--- HOW TO COMPLETE THIS TASK ---
Only the lines from the first line of the material below to the line containing "Open dining area", inclusive, should be copied, each exactly as written.

*** INFORMATION ***

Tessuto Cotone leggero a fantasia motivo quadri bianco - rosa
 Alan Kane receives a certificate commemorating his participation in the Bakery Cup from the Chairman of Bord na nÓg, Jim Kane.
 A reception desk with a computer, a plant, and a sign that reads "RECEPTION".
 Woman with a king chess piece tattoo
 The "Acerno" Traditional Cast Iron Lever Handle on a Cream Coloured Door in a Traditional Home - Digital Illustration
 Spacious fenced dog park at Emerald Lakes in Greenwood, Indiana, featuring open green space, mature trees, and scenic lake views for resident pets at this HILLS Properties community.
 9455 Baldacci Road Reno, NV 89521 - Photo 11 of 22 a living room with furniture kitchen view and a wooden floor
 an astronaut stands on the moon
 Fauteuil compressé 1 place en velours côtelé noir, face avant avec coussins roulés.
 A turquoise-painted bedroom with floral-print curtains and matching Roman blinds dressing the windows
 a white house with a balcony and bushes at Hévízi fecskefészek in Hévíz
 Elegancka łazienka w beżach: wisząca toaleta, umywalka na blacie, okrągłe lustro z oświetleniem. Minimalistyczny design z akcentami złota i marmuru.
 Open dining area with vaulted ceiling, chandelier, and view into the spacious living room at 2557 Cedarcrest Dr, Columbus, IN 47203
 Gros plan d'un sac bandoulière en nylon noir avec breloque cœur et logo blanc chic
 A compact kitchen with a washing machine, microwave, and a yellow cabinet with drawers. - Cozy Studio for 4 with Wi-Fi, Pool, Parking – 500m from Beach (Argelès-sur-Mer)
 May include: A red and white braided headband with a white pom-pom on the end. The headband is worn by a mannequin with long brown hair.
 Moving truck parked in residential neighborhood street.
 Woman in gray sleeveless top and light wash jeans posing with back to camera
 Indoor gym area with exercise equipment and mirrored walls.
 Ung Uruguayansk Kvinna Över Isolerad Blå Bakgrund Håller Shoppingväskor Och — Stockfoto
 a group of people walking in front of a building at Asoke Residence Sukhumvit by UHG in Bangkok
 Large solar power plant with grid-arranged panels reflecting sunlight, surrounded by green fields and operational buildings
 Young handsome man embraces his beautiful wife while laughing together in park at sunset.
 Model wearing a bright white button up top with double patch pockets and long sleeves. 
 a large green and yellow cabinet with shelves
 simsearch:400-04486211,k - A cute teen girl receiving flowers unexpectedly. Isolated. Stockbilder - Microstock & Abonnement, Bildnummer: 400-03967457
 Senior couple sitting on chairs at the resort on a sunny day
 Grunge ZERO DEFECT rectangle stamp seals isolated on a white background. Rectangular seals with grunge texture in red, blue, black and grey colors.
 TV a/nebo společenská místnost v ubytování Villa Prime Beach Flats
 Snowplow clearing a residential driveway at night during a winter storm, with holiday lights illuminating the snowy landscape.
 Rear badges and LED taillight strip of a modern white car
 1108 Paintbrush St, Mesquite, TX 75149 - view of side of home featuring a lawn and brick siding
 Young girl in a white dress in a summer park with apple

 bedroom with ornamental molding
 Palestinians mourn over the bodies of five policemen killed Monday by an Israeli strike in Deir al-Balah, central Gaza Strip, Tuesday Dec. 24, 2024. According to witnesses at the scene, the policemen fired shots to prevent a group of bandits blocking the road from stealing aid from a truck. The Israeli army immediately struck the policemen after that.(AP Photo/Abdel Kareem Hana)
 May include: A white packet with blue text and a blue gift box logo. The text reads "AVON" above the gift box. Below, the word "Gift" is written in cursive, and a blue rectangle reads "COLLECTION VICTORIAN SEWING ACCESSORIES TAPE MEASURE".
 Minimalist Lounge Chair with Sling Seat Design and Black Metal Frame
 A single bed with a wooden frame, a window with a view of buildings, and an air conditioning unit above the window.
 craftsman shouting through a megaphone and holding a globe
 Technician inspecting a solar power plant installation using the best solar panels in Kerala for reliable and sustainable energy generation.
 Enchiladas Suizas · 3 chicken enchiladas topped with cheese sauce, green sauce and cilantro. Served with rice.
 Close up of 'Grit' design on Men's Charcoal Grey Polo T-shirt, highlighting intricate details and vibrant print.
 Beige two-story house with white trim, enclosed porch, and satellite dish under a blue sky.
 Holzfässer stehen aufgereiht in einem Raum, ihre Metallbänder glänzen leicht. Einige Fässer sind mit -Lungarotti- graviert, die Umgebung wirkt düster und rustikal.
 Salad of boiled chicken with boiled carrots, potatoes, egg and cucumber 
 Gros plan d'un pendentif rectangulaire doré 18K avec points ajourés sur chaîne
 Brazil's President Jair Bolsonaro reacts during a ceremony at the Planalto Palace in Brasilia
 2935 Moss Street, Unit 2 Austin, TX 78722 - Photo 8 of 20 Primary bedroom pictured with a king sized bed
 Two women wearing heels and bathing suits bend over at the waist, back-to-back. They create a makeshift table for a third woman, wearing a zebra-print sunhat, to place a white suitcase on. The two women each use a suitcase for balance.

*** End of INFORMATION ***

--- RESULT FOR THIS TASK ---
Tessuto Cotone leggero a fantasia motivo quadri bianco - rosa
 Alan Kane receives a certificate commemorating his participation in the Bakery Cup from the Chairman of Bord na nÓg, Jim Kane.
 A reception desk with a computer, a plant, and a sign that reads "RECEPTION".
 Woman with a king chess piece tattoo
 The "Acerno" Traditional Cast Iron Lever Handle on a Cream Coloured Door in a Traditional Home - Digital Illustration
 Spacious fenced dog park at Emerald Lakes in Greenwood, Indiana, featuring open green space, mature trees, and scenic lake views for resident pets at this HILLS Properties community.
 9455 Baldacci Road Reno, NV 89521 - Photo 11 of 22 a living room with furniture kitchen view and a wooden floor
 an astronaut stands on the moon
 Fauteuil compressé 1 place en velours côtelé noir, face avant avec coussins roulés.
 A turquoise-painted bedroom with floral-print curtains and matching Roman blinds dressing the windows
 a white house with a balcony and bushes at Hévízi fecskefészek in Hévíz
 Elegancka łazienka w beżach: wisząca toaleta, umywalka na blacie, okrągłe lustro z oświetleniem. Minimalistyczny design z akcentami złota i marmuru.
 Open dining area with vaulted ceiling, chandelier, and view into the spacious living room at 2557 Cedarcrest Dr, Columbus, IN 47203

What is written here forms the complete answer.